Decade in review: One man’s crusade against race-based policies
on Dec 30, 2019 at 9:00 am
There is a long history of “test cases” being brought all the way to the Supreme Court by interest groups recruiting suitable plaintiffs. Two of this decade’s major cases involving race were no exception – although the “interest group” was comprised of one person.
In 2013, in Shelby County v. Holder, the court, by a vote of 5-4, struck down a pivotal section of the federal Voting Rights Act that required states and local governments with a history of voting discrimination to get permission from the federal government before changing their voting laws. Three years later in the second case, Fisher v.
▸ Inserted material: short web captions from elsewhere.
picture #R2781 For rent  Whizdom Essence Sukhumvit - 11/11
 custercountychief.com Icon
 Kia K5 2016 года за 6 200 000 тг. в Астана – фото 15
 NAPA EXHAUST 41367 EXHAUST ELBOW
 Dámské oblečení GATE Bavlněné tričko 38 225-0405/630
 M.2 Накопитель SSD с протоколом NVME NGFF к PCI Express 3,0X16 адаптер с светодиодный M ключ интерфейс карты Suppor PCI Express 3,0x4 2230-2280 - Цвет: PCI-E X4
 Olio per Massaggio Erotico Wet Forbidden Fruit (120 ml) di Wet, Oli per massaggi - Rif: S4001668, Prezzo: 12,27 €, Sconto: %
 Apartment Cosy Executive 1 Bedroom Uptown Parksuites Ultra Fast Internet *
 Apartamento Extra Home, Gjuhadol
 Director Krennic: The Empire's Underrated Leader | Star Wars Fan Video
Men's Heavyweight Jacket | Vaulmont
University of Texas at Austin, the court voted 4-3, after the death of Justice Antonin Scalia and with Justice Elena Kagan recused, to narrowly uphold the admissions policy at Texas’ flagship university, which uses race as one factor for assessing some candidates.
Both challenges were the handiwork of one very motivated nonlawyer, retired stockbroker Edward Blum. Stung by his 1992 loss in a congressional race, in which his district’s irregular boundaries had been drawn to increase the voting power of minorities, Blum has focused his efforts ever since on, as the mission statement of his nonprofit puts it, “challeng[ing] racial and ethnic classifications and preferences” in court. In Blum’s view, affirmative action “treats whites unfairly and stigmatizes minorities,” and the voting law’s preclearance requirement “unjustly punishe[d]” the state and local governments to which it applied “for long-abandoned racist practices.”
Blum’s most recent brainchild is a lawsuit against Harvard University alleging discrimination against Asian-American applicants; after the district court ruled for Harvard, Blum’s organization appealed, announcing its intention to take the case, “if necessary, to the US Supreme Court.”